A Educação como elevador social: a importância da escolha

O cheque ensino seria a melhor arma contra a discriminação. O financiamento das pessoas em vez das instituições conduziria a uma melhoria generalizada no desempenho das escolas, reduzindo as assimetrias de qualidade existentes.

Em Portugal, existe um regime de escolaridade obrigatória que é universal e gratuito. A escolaridade obrigatória é organizada em três ciclos de ensino que são servidos por instituições de ensino público, privado e cooperativo. Acontece que em Portugal existe uma grande heterogeneidade no desempenho das escolas. Em particular, as escolas da rede pública têm desempenhos muito assimétricos e estão usualmente arredadas dos melhores lugares nos rankings de desempenho.

As famílias de poucos recursos só têm acesso a escolas “gratuitas” que são obrigatoriamente (1) estabelecimentos da rede pública, (2) na área geográfica da morada de residência do aluno (geralmente, com desempenhos inferiores) e (3) desde que existam vagas.

Se a escola desejada não for uma escola da rede pública, então os custos com as propinas ficam a cargo do encarregado de educação ou aluno.

O mesmo se passa no Ensino Superior, onde um aluno que pelas mais diversas razões, nomeadamente baixa nota de acesso, não aceda a uma Instituição de Ensino Superior pública, terá que custear os seus gastos com propinas no ensino concordatário ou privado.

Pessoas que não tenham acesso ou não escolham a rede pública de ensino pagam duas vezes a sua educação.

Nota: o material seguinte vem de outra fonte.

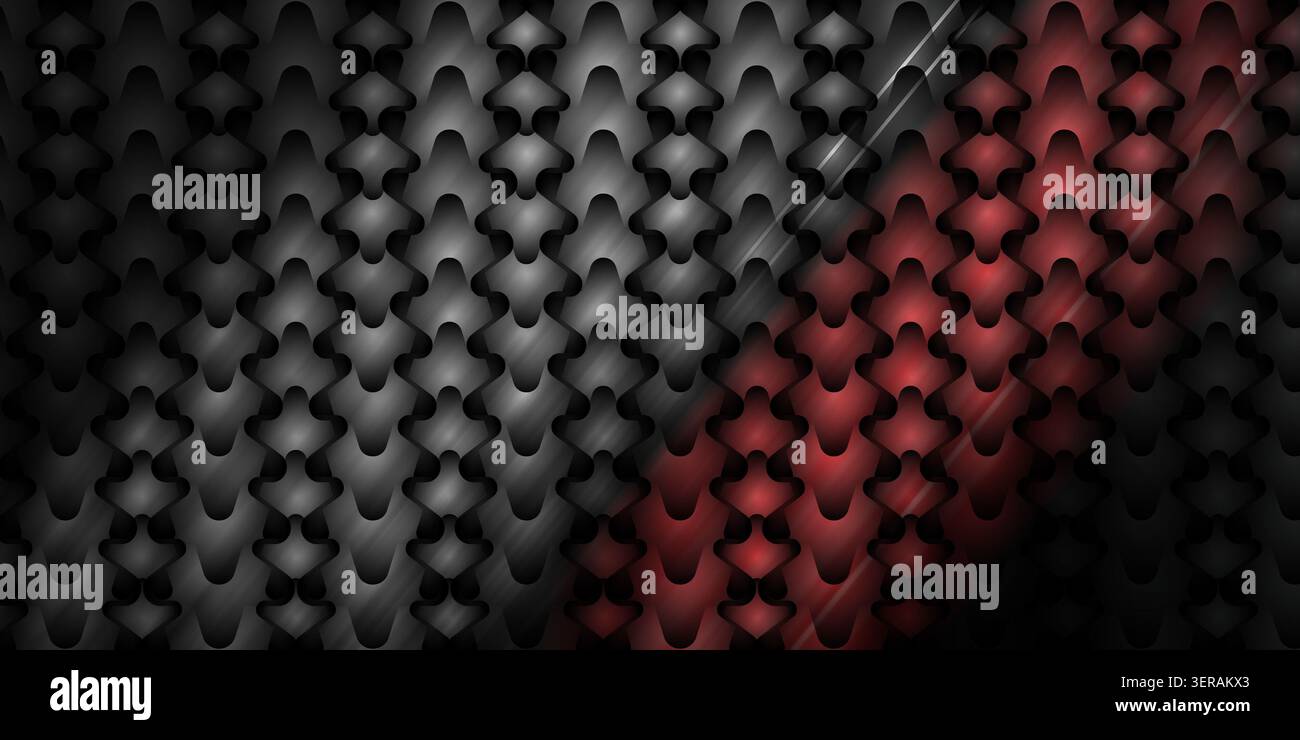Ein kontrastreicher abstrakter Hintergrund mit einem sich wiederholenden, skalenartigen Muster mit metallischer Textur, der von Dunkelgrau zu leuchtendem Rot übergeht. Stockfoto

Pagam os seus impostos (e convém lembrar que Portugal tem uma carga fiscal acima da média do conjunto dos países da OCDE) e pagam as propinas. A situação é iníqua também para os contribuintes em geral, pois os custos médios por aluno das escolas públicas são superiores aos custos dos melhores colégios privados em Portugal.

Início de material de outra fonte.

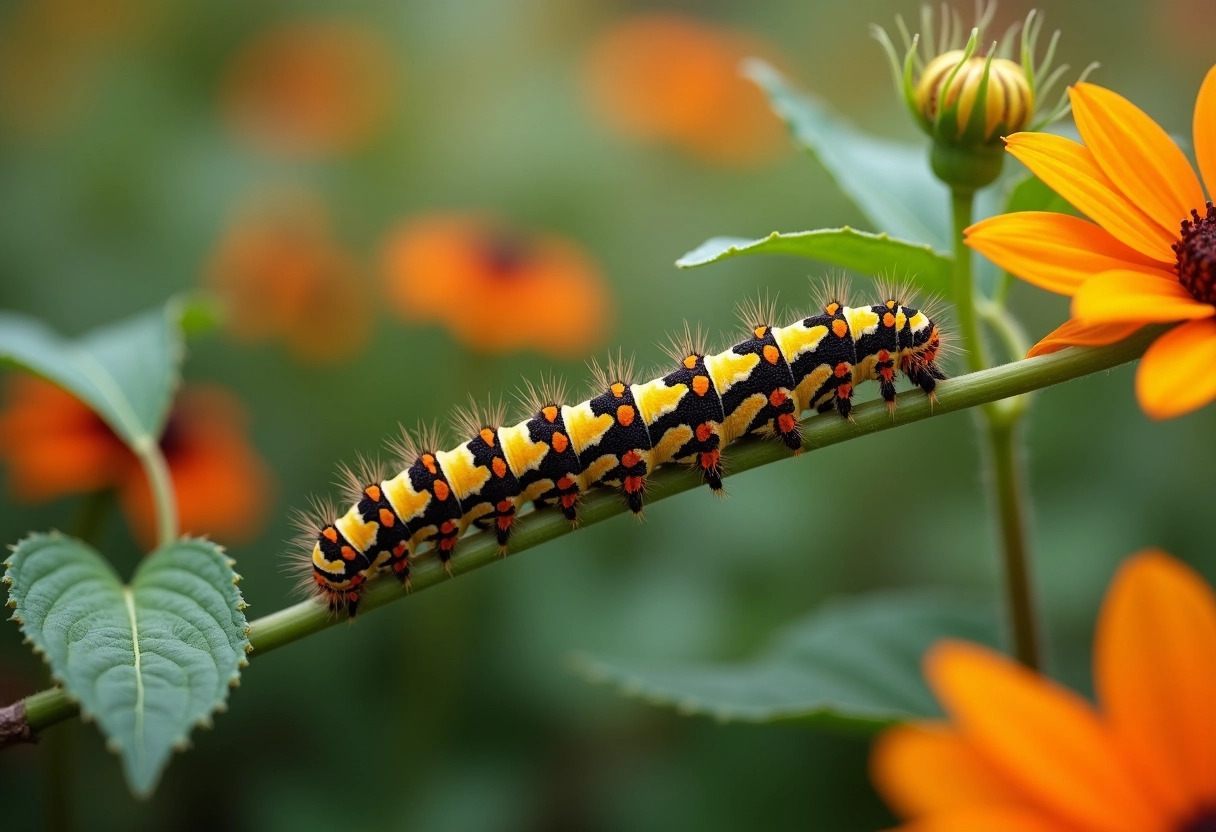 chenille jaune et noire jardin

E o que acontece a quem não pode pagar duplamente para ter escolhas? Um estudante com poucos recursos terá necessariamente que “escolher” uma escola da rede pública, independentemente da sua qualidade, onde a probabilidade de obter um bom desempenho é menor, e consequentemente terminará o Ensino Secundário com uma média mais baixa. Essa média mais baixa dificultará o seu acesso aos cursos com mais saídas profissionais, que são também aqueles cujas médias de entrada são menos acessíveis.

Quando terminar o seu curso, a sua empregabilidade será mais baixa e, consequentemente, as suas oportunidades de trabalho implicarão salários mais reduzidos. Agora, imaginem o que acontecerá aos seus filhos.

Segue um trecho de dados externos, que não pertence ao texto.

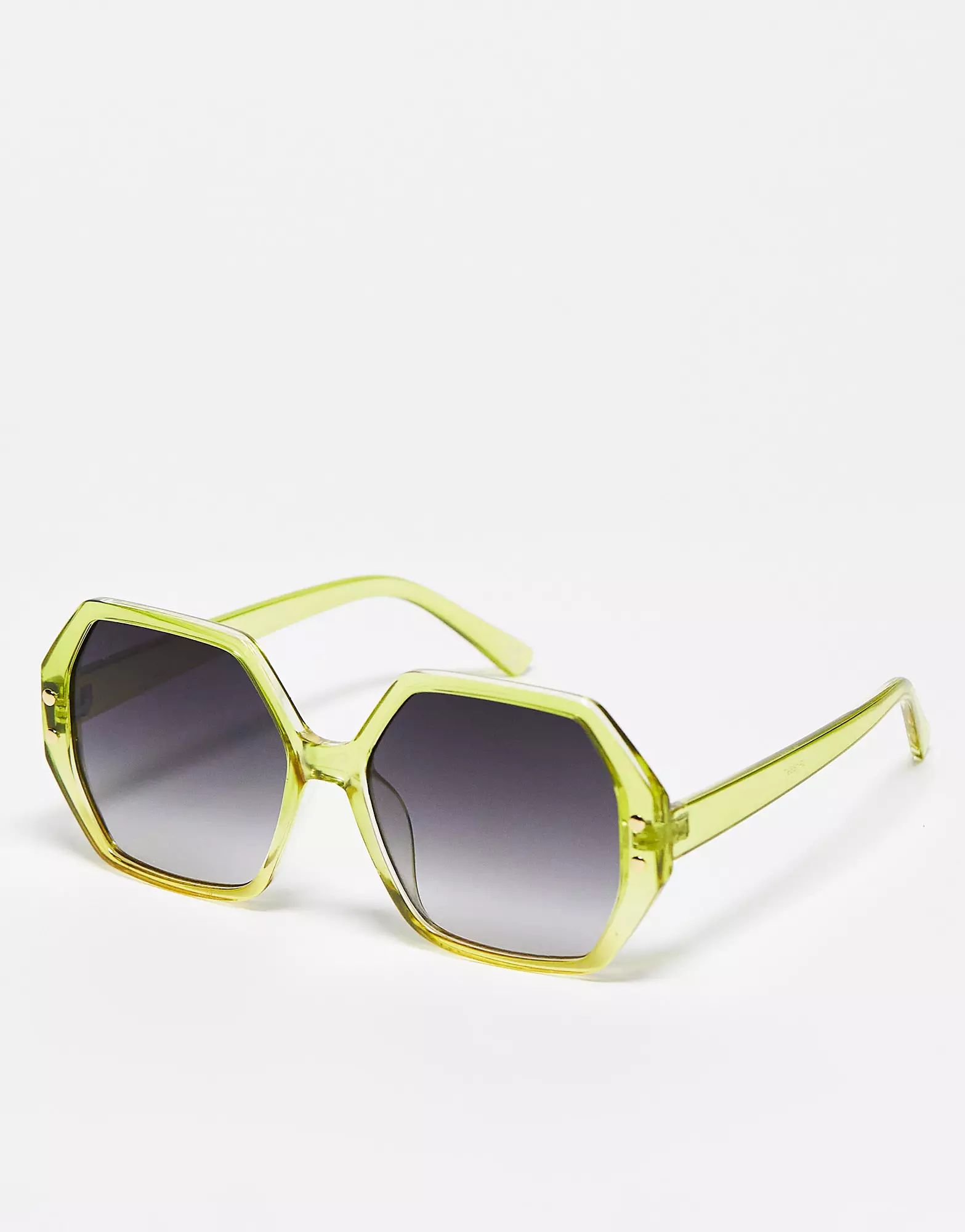 Jeepers Peepers oversized hexagonal sunglasses in lime | ASOS (Global)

Para a Educação concretizar o seu papel de elevador social, é necessário garantir que as famílias de menores e maiores recursos possam escolher em pé de igualdade a escola da sua preferência.

Manuel Carvalho, no PÚBLICO, defende que a escolha no ensino é uma ilusão perigosa, devido à diversidade de contextos (geográfico, de acesso à informação, etc.) em que as pessoas tomam decisões.

Se é certo que a falta de igualdade de condições para fazer escolhas introduz imperfeições nestes processos, não é menos válido que em Portugal, em 2021, já existe a possibilidade de escolha no que respeita ao ensino. Pelo menos para alguns. Para os que podem pagar impostos e ainda assim pagar as propinas das instituições de ensino privado.

Neste artigo defende-se que a solução para o facto de não estarmos todos igualmente capacitados para fazer escolhas é chamar o Estado a decidir por nós. Ora se assim é, porquê parar nas instituições de ensino se essa desigualdade persiste noutras questões? Porquê deixar as pessoas escolherem os seus cursos e profissões futuras? Com base neste argumento, todas as decisões das pessoas deveriam ser deixadas para o Estado. A perigosidade deste argumento é autoexplicativa.

Neste artigo é referido o receio de que os bons alunos tomem de assalto as boas escolas privadas, gerando uma situação de discriminação face aqueles que não são bons alunos. Em contrapartida, parece existir concordância tácita com esse mesmo assalto, desde que feito pelos alunos que as podem pagar e independentemente do seu mérito. Em que é que a discriminação dos alunos menos bons é pior do que a discriminação dos que têm menos recursos, como hoje acontece? Neste aspeto o cheque ensino seria a melhor arma contra a discriminação. O financiamento das pessoas em vez das instituições conduziria a uma melhoria generalizada no desempenho das escolas, reduzindo as assimetrias de qualidade existentes.

A escolha no ensino não é uma ilusão perigosa. A escolha no ensino em Portugal é já uma realidade. Pelo menos para quem a puder pagar.